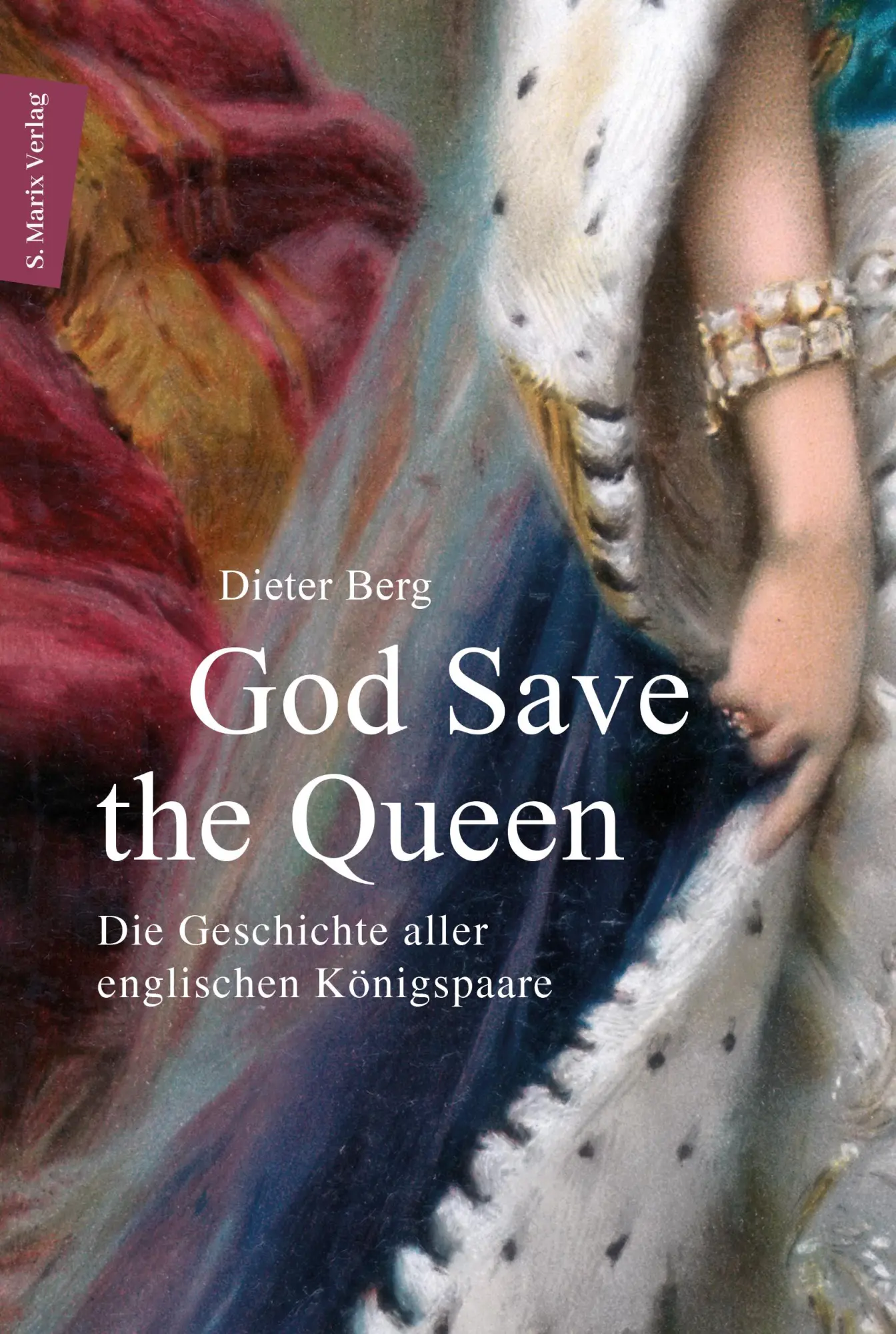 Cover: 9783737412698 | God Save the Queen | Dieter Berg | Buch | 370 S. | Deutsch | 2025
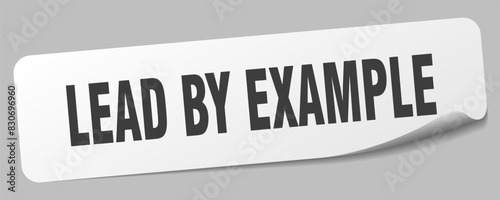 lead by example sticker. lead by example label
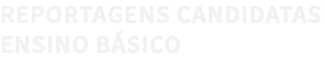 REPORTAGENS CANDIDATAS ENSINO BÁSICO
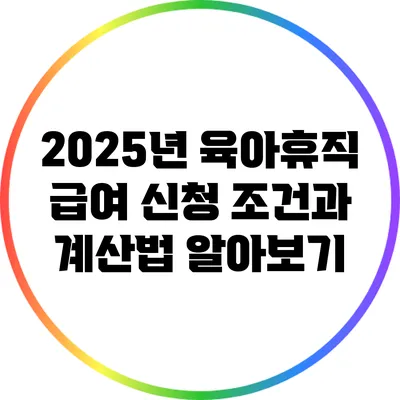 2025년 육아휴직 급여 신청 조건과 계산법 알아보기
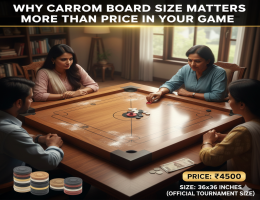 Why Carrom Board Size Matters More Than Price in Your Game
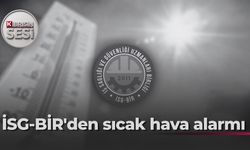 İSG-BİR hava sıcaklığının açık alanda çalışanlar için "tehlikeli" olacağı uyarısında bulundu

···

What is required. Please repeat the listing above word for word, with the pictures removed.

Output for this exercise.
 Cover: 9783737412698 | God Save the Queen | Dieter Berg | Buch | 370 S. | Deutsch | 2025
 lead by example sticker. lead by example label
 REPORTAGENS CANDIDATAS ENSINO BÁSICO
 2025년 육아휴직 급여 신청 조건과 계산법 알아보기
 Why Carrom Board Size Matters More Than Price in Your Game
 İSG-BİR hava sıcaklığının açık alanda çalışanlar için "tehlikeli" olacağı uyarısında bulundu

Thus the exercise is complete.